◆ The data
⁂

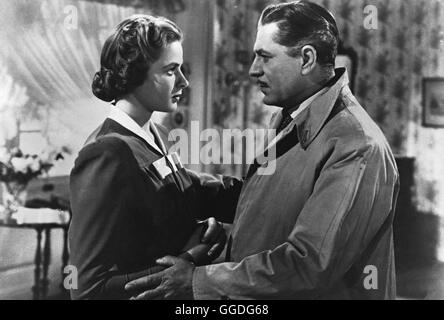 ADAM HATTE VIER SÖHNE / Adam had four Sons USA 1941 / Gregory Ratoff WARNER BAXTER (Adam Stoddard), INGRID BERGMAN (Emilie Galltin) Regie: Gregory Ratoff aka. Adam had four Sons Stock Photo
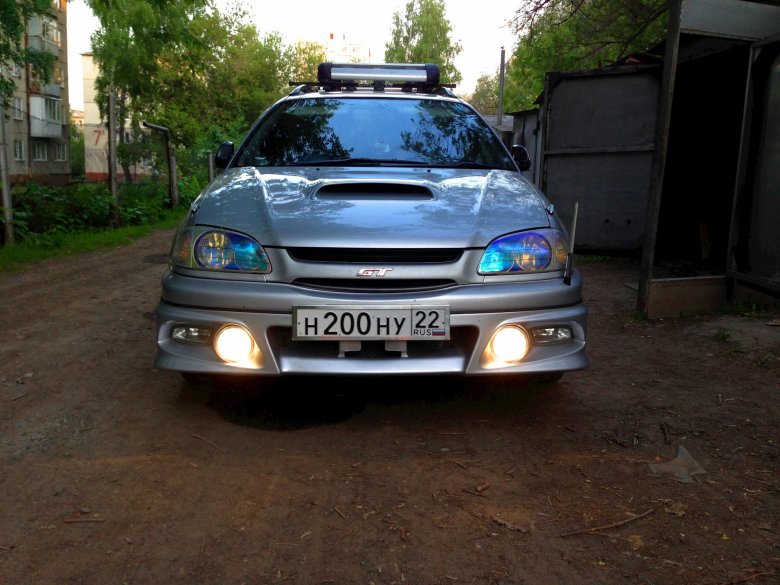 Тойота калдина 215 туманки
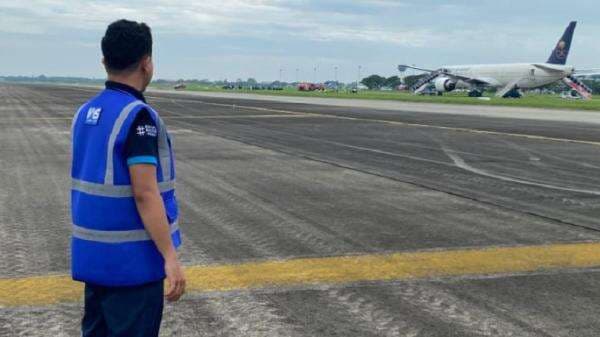 Pesawat Saudi Airlines Kembali Diteror Bom, Mendarat Darurat di Kualanamu Pesawat Saudi Airlines Kembali Diteror Bom, Mendarat Darurat di Kualanamu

⁂

◆ To do
Every line from the one with "Тойота калдина 215 туманки" through the last line of the data must be copied exactly. Leave the pictures out.

◆ Solution for this task
 Тойота калдина 215 туманки
 Pesawat Saudi Airlines Kembali Diteror Bom, Mendarat Darurat di Kualanamu Pesawat Saudi Airlines Kembali Diteror Bom, Mendarat Darurat di Kualanamu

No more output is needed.